# TASK TO CARRY OUT
Please transcribe only the lines between the one containing "May include: Twelve" and the end of the records, both ends included, exactly as written; skip every picture.

# ENTRIES SHOWN
/---

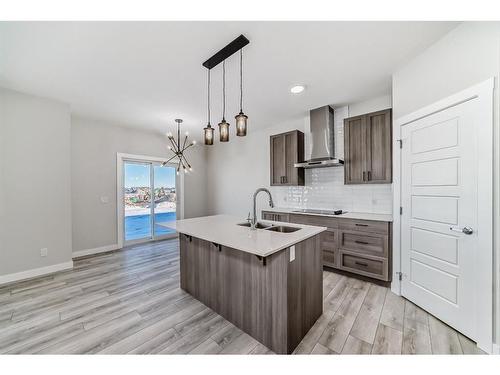 58 Cobbleridge Place Sw, Airdrie, AB - Indoor Photo Showing Kitchen With Double Sink With Upgraded Kitchen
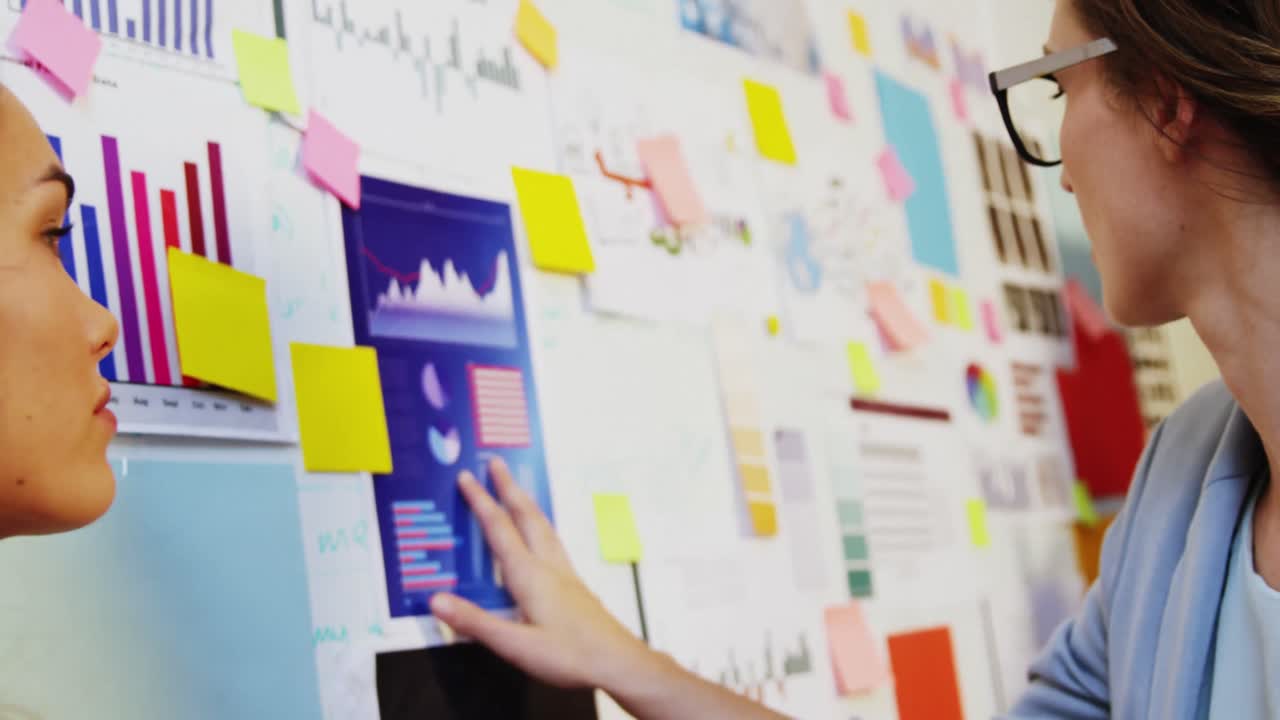 mujer de negocios mirando notas adhesivas en la pizarra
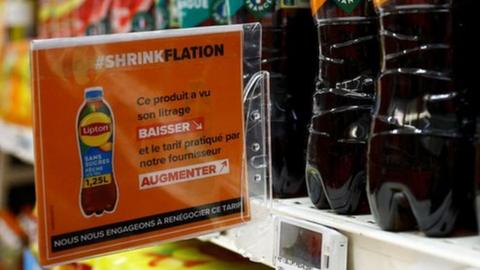 bottles of ice tea and shrinkflation sign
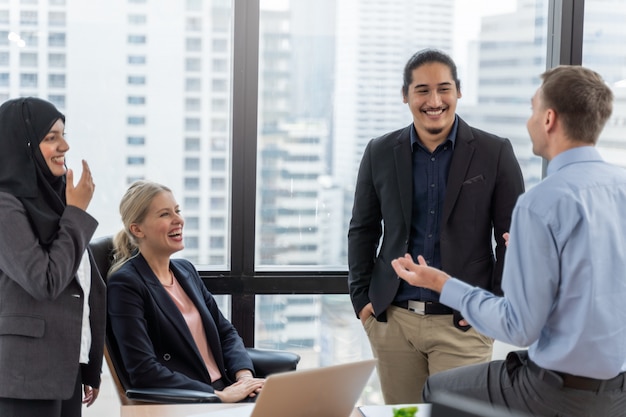 Young team of coworkers making great business discussion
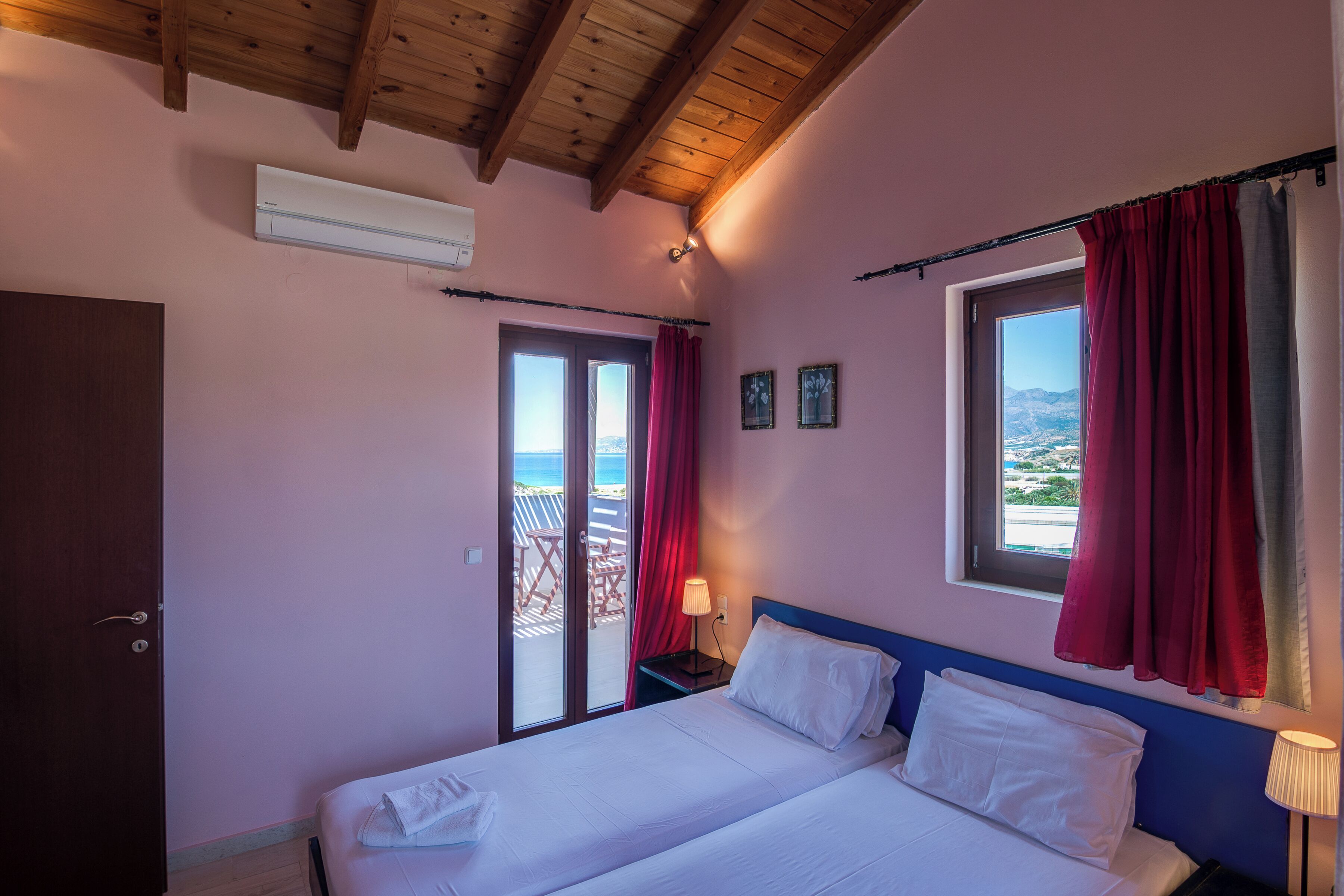Camera da letto con un letto, un comodino, una finestra con tende, una porta e vista sull'esterno.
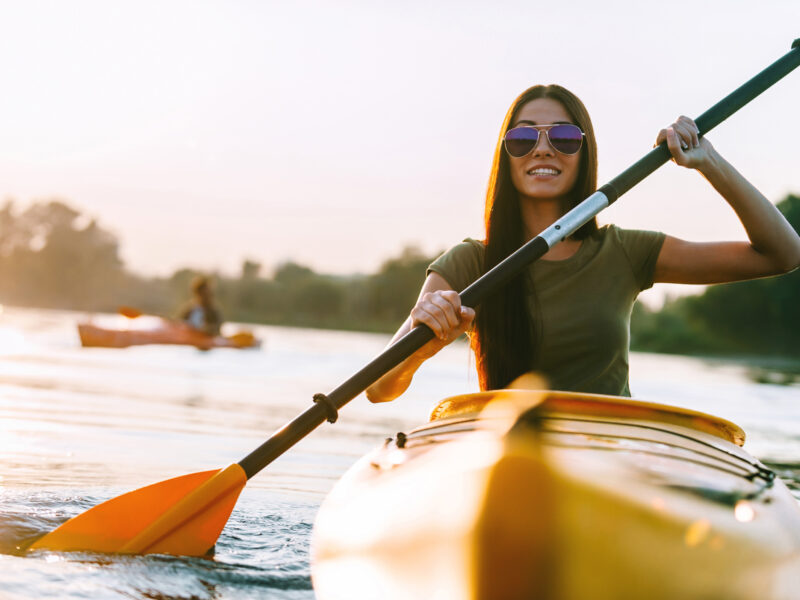 Nice day on kayak. Beautiful young smiling woman kayaking on river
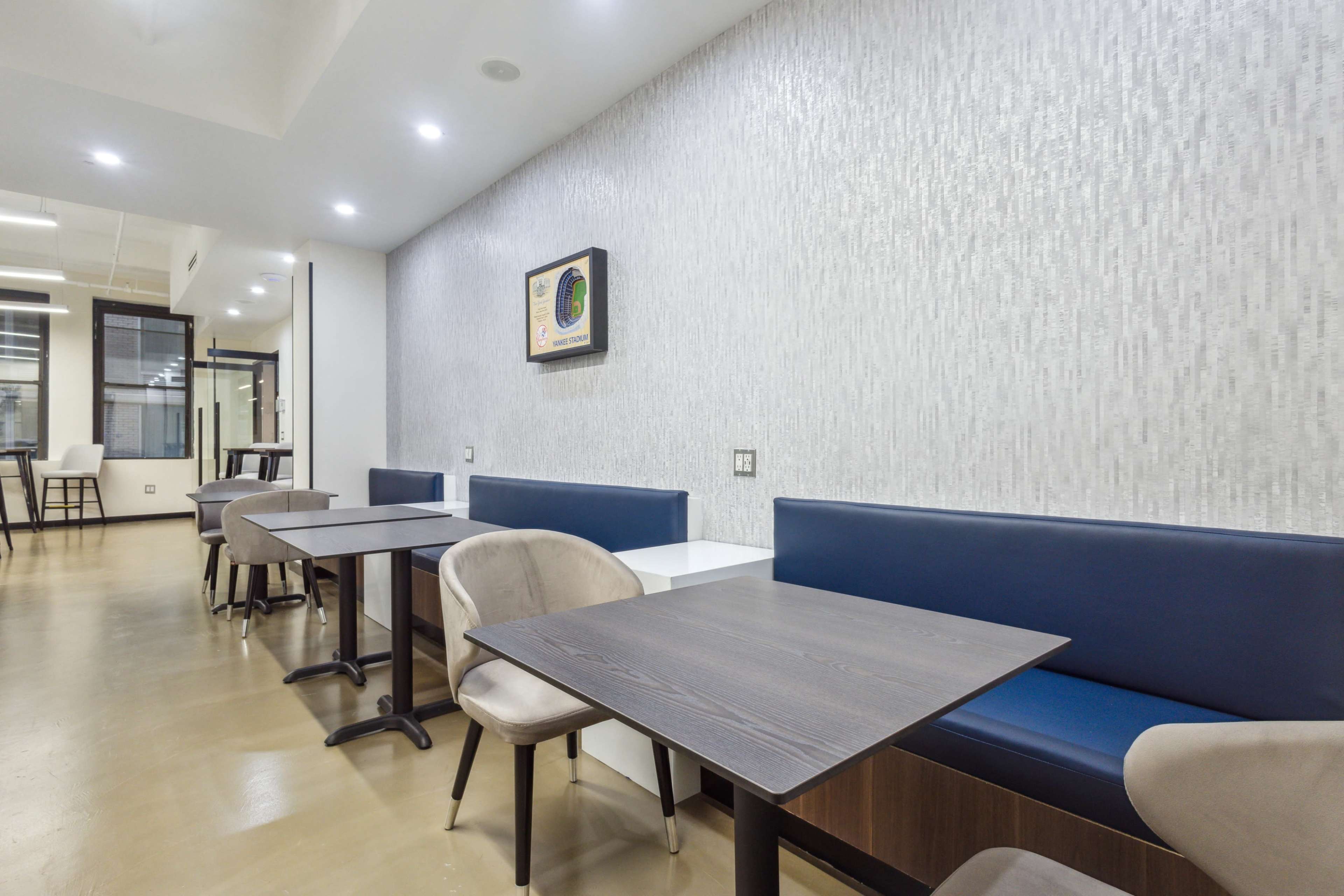 A modern cafe interior with several wooden tables and upholstered chairs arranged against a textured wall.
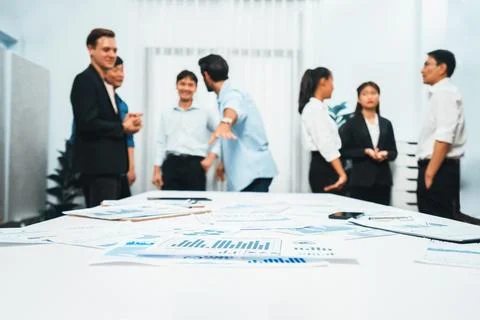Analyzed financial data visualized papers on meeting table. Prudent Fotos de archivo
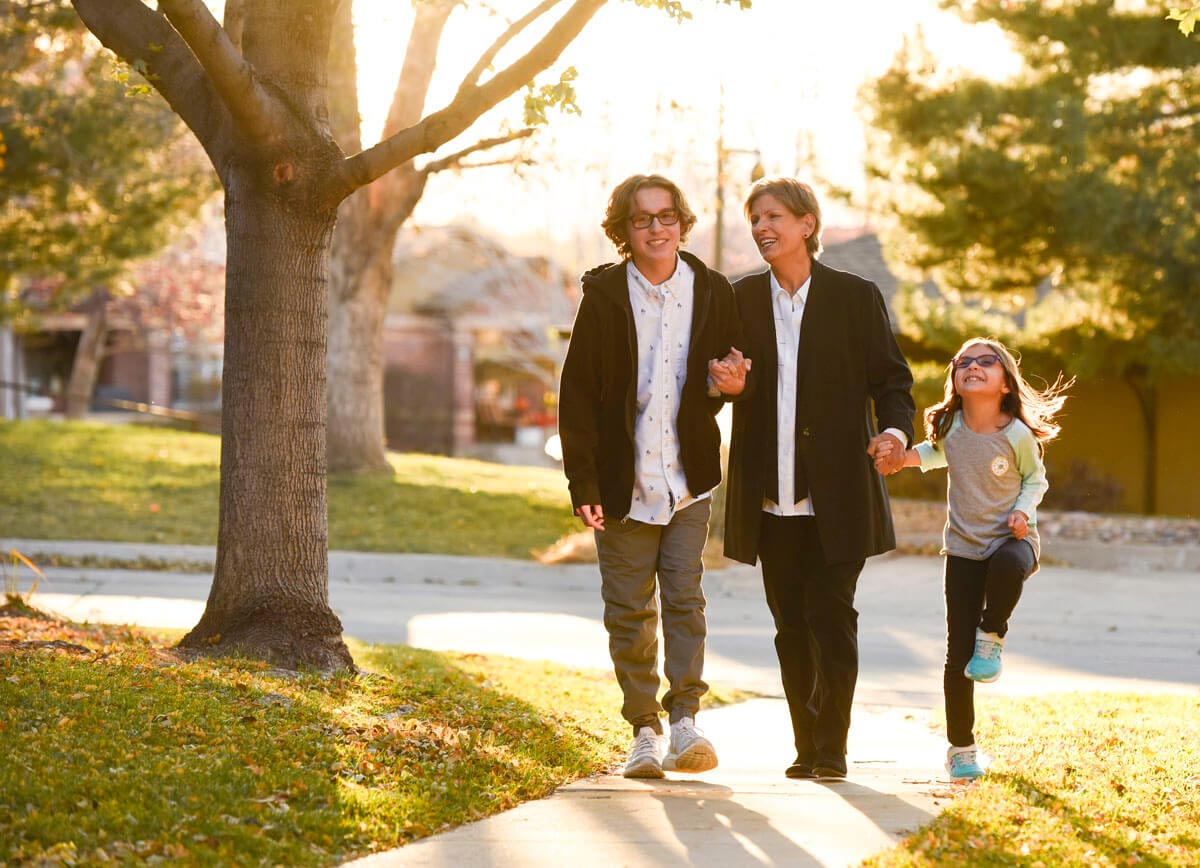 women walks down sidewalk while holding grandkid's hands after she had a hepatitis C-infected liver transplant.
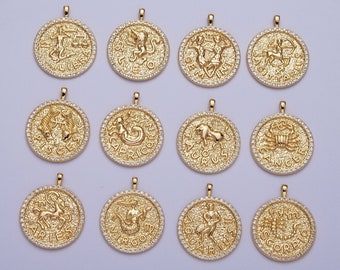 May include: Twelve gold zodiac pendants with clear rhinestone accents. Each pendant features a different zodiac sign with its corresponding symbol and name.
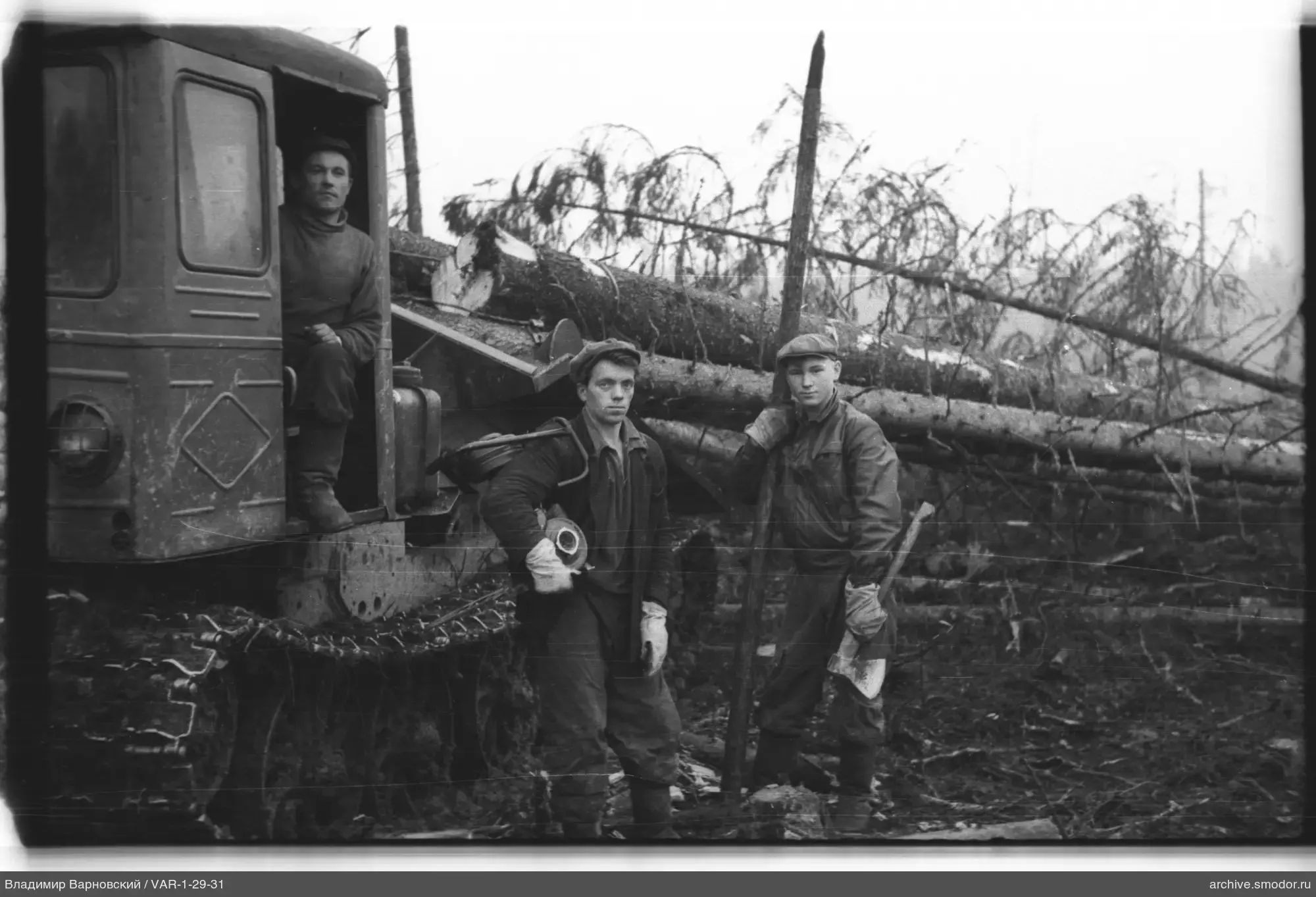 Gruppe von Männern mit Traktor und Werkzeugen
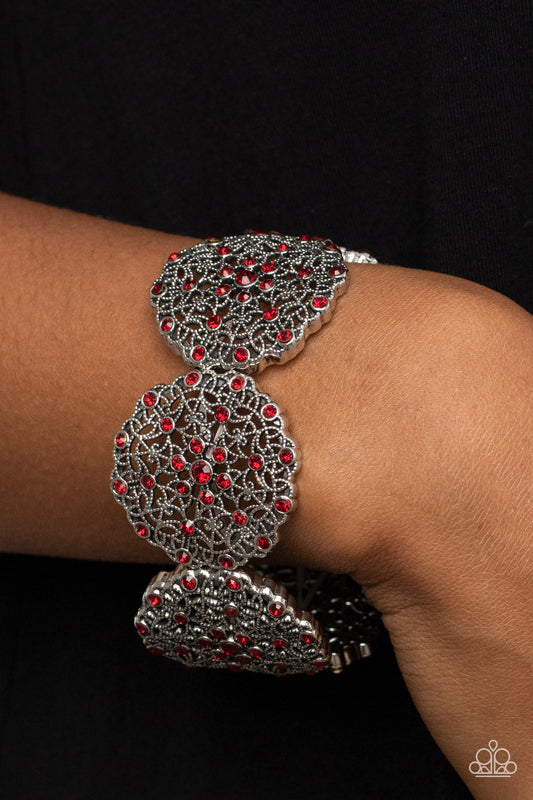 All in the Details - Red and Silver Bracelet - Paparazzi Accessories - Dotted with fiery red rhinestones, studded silver frames are filled with mandala-like filigree details and threaded along stretchy bands around the wrist for a glitzy pop of color. Sold as one individual bracelet.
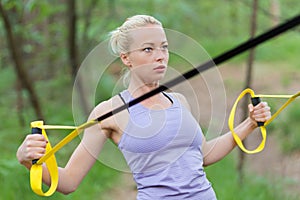 Training with fitness straps outdoors.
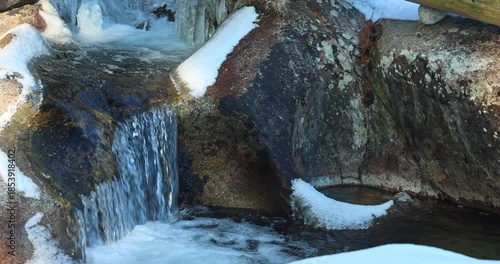 Wallpaper Mural A miniature waterfall cascades over snow-covered rocks, creating a serene winter landscape. The icy formations add a touch of magic to the scene. High Tatras National Park, Slovakia, Europe. Torontodigital.ca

\---

# WRITTEN SOLUTION
 May include: Twelve gold zodiac pendants with clear rhinestone accents. Each pendant features a different zodiac sign with its corresponding symbol and name.
 Gruppe von Männern mit Traktor und Werkzeugen
 All in the Details - Red and Silver Bracelet - Paparazzi Accessories - Dotted with fiery red rhinestones, studded silver frames are filled with mandala-like filigree details and threaded along stretchy bands around the wrist for a glitzy pop of color. Sold as one individual bracelet.
 Training with fitness straps outdoors.
 Wallpaper Mural A miniature waterfall cascades over snow-covered rocks, creating a serene winter landscape. The icy formations add a touch of magic to the scene. High Tatras National Park, Slovakia, Europe. Torontodigital.ca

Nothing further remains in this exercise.